Dictionary of National Biography, 1885-1900/Bridges, Thomas

From Wikisource
783048Dictionary of National Biography, 1885-1900, Volume 06 — Bridges, Thomas1886John Joseph Knight

BRIDGES, THOMAS (fl. 1759–1775), dramatist and parodist, was a native of Hull, in which town his father was a physician of some repute. He was a wine merchant, and a partner in the firm of Sell, Bridges, & Blunt, who failed in Hull as bankers in 1759. In 1762 Bridges produced, under the pseudonym of Caustic Barebones, a travestie of Homer, in 2 vols. 12mo, which for the epoch is fairly spirited in versification, and obtained some popularity, but is not much wittier nor more decent than other works of its class. This was reprinted 1764, and in an enlarged form in 1767, 1770, and 1797. He also wrote 'The Battle of the Genii,' 4to, 1765, burlesquing, in a poem in three cantos, Milton's description in 'Paradise Lost' of the fight with the rebel angels; and 'The Adventures of a Bank Note,' 1770, 2 vols. 8vo, a novel to which in 1771 two other volumes were added. To the stage he contributed 'Dido,' a comic opera in two acts, produced at the Haymarket 24 July 1771, and printed in 8vo the same year; and the 'Dutchman,' a musical entertainment, played for the fourth time at the Haymarket 8 Sept. 1775, and also printed the same year. Some trace of humour is discoverable in the earlier piece; the latter is wholly flat. The 'Battle of the Genii' was for a time attributed to Francis Grose, the antiquarian.

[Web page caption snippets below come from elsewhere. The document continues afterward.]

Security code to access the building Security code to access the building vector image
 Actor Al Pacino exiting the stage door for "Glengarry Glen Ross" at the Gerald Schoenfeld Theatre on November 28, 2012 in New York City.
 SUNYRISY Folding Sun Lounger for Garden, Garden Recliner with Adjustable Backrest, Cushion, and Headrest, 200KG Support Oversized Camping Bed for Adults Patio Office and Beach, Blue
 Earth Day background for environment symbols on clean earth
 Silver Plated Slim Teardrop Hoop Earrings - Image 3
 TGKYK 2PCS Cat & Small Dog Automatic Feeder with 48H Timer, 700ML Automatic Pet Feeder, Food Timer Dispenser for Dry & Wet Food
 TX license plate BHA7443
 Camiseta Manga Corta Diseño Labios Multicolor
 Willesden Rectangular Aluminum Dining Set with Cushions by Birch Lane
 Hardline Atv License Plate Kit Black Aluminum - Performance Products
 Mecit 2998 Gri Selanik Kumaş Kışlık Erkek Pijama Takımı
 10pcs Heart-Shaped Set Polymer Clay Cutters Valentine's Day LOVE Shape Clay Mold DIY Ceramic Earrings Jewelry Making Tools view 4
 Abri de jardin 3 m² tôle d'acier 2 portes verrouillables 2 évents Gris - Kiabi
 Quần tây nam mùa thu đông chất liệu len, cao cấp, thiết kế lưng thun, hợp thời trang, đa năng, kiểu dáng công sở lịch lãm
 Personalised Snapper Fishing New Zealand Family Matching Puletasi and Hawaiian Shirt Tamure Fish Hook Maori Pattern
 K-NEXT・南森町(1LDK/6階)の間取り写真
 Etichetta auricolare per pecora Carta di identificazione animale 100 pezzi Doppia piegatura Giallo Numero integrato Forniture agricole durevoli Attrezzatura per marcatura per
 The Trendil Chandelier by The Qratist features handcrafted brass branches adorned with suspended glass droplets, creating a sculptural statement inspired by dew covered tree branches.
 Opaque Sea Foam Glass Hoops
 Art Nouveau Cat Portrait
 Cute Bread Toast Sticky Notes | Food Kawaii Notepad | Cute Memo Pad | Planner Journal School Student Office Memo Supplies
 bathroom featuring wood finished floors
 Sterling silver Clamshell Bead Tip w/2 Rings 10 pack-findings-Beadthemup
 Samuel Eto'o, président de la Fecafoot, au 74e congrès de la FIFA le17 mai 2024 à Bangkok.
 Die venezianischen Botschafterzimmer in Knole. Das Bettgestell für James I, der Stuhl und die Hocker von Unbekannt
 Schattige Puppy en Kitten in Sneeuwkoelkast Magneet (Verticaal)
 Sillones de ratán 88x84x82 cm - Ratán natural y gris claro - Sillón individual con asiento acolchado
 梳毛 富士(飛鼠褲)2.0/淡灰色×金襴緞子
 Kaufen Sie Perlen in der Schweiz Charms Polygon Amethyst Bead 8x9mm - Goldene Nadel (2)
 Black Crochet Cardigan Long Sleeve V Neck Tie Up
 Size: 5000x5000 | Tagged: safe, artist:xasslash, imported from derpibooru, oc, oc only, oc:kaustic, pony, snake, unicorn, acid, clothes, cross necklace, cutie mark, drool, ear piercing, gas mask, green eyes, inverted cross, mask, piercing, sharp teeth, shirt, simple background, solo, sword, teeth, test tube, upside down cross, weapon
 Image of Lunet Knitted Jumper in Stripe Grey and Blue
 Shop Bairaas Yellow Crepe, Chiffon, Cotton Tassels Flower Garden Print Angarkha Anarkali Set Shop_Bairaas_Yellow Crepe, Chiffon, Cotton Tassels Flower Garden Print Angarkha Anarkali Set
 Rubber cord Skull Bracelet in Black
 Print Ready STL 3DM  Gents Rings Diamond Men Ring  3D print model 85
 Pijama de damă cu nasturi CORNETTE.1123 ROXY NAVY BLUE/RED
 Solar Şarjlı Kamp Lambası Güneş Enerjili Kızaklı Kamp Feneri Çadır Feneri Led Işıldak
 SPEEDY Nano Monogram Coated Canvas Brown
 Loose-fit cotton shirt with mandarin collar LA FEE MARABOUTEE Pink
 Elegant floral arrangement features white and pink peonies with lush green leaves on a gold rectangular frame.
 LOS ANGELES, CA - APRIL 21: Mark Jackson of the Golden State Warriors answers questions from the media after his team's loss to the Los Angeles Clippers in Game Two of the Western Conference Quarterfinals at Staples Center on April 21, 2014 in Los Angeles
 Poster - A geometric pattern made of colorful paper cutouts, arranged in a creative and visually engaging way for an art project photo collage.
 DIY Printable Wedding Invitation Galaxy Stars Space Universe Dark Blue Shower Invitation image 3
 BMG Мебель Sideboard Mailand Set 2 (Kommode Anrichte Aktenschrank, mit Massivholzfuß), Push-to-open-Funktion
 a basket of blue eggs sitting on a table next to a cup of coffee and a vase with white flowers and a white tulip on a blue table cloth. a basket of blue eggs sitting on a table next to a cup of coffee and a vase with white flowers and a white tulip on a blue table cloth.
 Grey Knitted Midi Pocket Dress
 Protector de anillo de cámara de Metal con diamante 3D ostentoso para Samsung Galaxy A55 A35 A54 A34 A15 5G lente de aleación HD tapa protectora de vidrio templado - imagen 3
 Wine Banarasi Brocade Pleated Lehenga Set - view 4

[Genest's Account of the English Stage; Biographia Dramatica; an Address given to the Literary and Philosophical Society at Kingston-upon-Hull, 5 Nov. 1830, by Charles Frost, F.S.A., Hull, 1831; Lowndes's Bibliographer's Manual; Watt's Bibl. Brit.; Halkett and Laing's Dictionary of Anonymous and Pseudonymous Literature.]